Exercise details: Below are the records; repeat exactly their lines between the line holding "Tuvana Türkay, Selçuk" and the line holding "Wesley curriejr - @curriejrwesley", inclusive, skipping the pictures.

Entries shown:
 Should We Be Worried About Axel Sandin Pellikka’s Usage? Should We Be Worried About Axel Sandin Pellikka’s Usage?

---

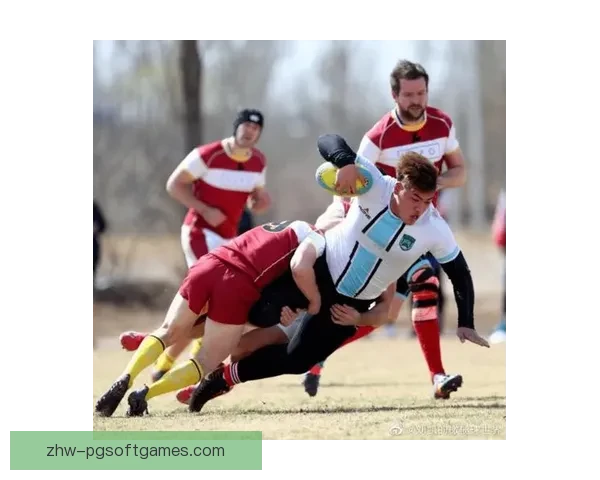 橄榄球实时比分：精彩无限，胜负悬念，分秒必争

* * *

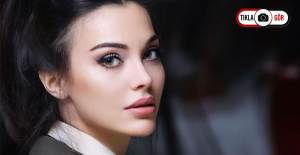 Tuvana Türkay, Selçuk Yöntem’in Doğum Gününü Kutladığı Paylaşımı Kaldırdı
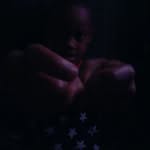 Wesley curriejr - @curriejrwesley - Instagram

Exercise response:
 Tuvana Türkay, Selçuk Yöntem’in Doğum Gününü Kutladığı Paylaşımı Kaldırdı
 Wesley curriejr - @curriejrwesley - Instagram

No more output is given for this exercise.